- The Washington Times - Monday, October 16, 2006

“I’m flabbergasted,” Mike Sellers said.

That’s as good a reaction to the Redskins’ latest catastrophe — yesterday’s 25-22 home loss to the previously winless Titans — as any. Makes a lot more of an impression than shocked or stunned or any other synonym for incredulity.

And yet, why should Sellers be flabbergasted by the depths to which the Redskins have sunk? Wasn’t this team outgained 411-164 by the Giants just a week ago? For that matter, didn’t this team get beat at home last year by the now-flirting-with-0-16 Raiders? Sellers should be beyond flabbergasting — as should we all.

It’s a great word, though, containing both “flab” (which the roster would appear to have plenty of) and “gas” (denoting the hot air of preseason expectations). All those bold predictions of going deep into the playoffs, of playing the NFC title game at FedEx Field — in front of Our 92,000 — seem pretty silly now. A much more realistic goal for the Redskins is simply a winning season. At 2-4 — with a trip to Indianapolis next on the itinerary — they’ve got one cleat dangling over the abyss.

“We can’t let teams hang around on us,” Jon Jansen said. “When we do, this is what happens.”

What happens is: They lose to the Vikings, almost lose to the Jaguars (after leading by 10 in the fourth quarter) and then lose to the Titans.

What happens is: People begin to wonder whether they’re Just An Average NFL Club … that’s obscenely well paid.

When you can’t distinguish yourself from an 0-5 team — in a game you simply have to have — well, it raises all kinds of unpleasant questions. Questions like: What does it say about your quarterback when he gets outplayed by a rookie who had never won an NFL game before? Questions like: At what point does Joe Gibbs stop wasting everybody’s time and start getting the Snydermen ready for next year?
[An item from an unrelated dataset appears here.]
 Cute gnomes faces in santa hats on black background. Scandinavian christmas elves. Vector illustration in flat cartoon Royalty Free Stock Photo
“The season’s not over,” Jansen insisted. “We’ve been in bigger holes before and dug out of ‘em.”

True enough. In 2001, his third season, the Redskins started 0-5 under Marty Schottenheimer and finished 8-8. But they also started 2-4 two years ago and finished 6-10. And in neither case, you may recall, did they make the playoffs.
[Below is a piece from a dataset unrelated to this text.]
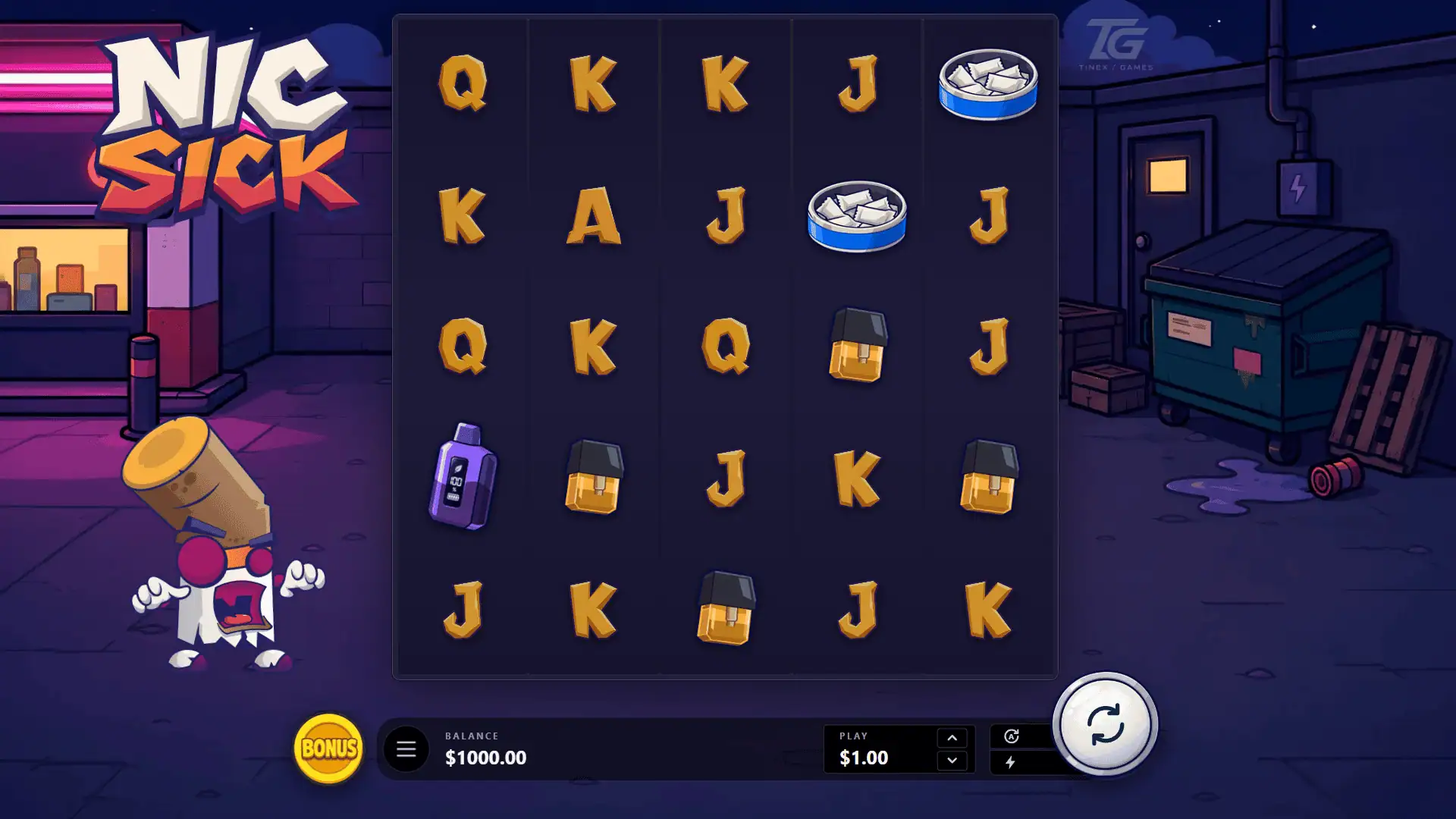 Nic Sick slot gameplay reels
Here’s hoping the Titans gave Gibbs some ideas — in particular, the idea of playing his young quarterback, Jason Campbell. Tennessee’s Vince Young is far from polished, but — as he showed yesterday — he has enough raw ability to lead a rebuilding club to victory in the NFL’s biggest stadium. By the end of the season, assuming he can stay upright, he’ll be over most of his growing pains, and his team will be ready to rock.
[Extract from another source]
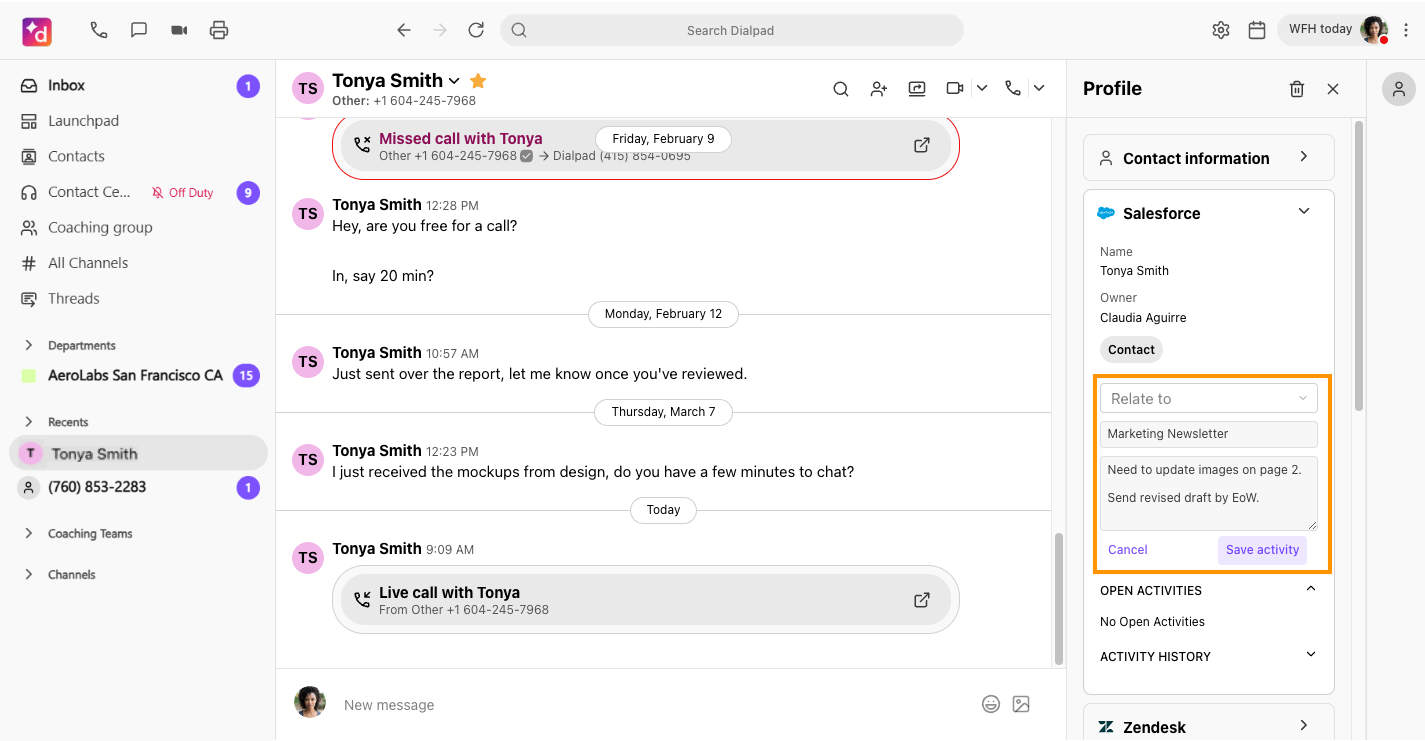 Screenshot of the Dialpad desktop app during an active call, featuring an orange box highlighting the activity form within the Salesforce sidebar widget, including fields forRelate to, subject, description, and the 'Save activity' button.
“I’d say they’ve got a real exceptional football player — real cool, calm,” Coach Joe said of the kid QB. “He can run, and he was pinpoint [with his passes] on a number of things.”

So the early returns are already in on Young, just six games into his career. But how much do the Redskins know about Campbell, who’s now one year and six games into his career? Answer: Precious little. He’s seen some action in the preseason but never in a Real Game. From the beginning, Gibbs has been ultraprotective of him, preferring to give a thorough grounding in the ways of the NFL before throwing him to the Strahans.

But the time is fast approaching when it will serve no worthwhile purpose to keep playing Brunell. That time, in fact, may only be seven days away — if, that is, the Redskins slink home from Indy with a 2-5 record. With a bye week coming up and games against the Cowboys, Eagles (two), Panthers, Falcons, Saints, Rams and Giants looming, it would behoove Gibbs to face reality and make the switch to Campbell.

Will he, though? I wouldn’t count on it. The Redskins, after all, overcame a 5-6 start last season, and there will be those in Ashburn who think they can do it again. The circumstances then were much different, though; Gregg Williams’ defense was playing significantly better, and the schedule was significantly kinder.

It’s at moments like these, Marcus Washington said, that “you learn about the guys on your team.” It’s also at moments like these that you learn about the coaches, especially the head guy. Are a few more victories between now and January — but no playoff berth — worth holding off the future, worth delaying Campbell’s development? Is a prettier final record more important than next year and the year after?

This much is clear: The natives are getting extremely antsy. They were reaching for the booze — and the boos — as the Redskins blew a 14-3 lead to the Titans. It’s never a pleasant experience watching an opposing running back brutalize your defense for a career-high 178 yards. Nor is it much fun watching your quarterback badly underthrow a receiver with a minute remaining, resulting in the game-clinching interception.

If that wasn’t the Valley of Death that Brunell and the Redskins rode into yesterday, they can certainly see it from there.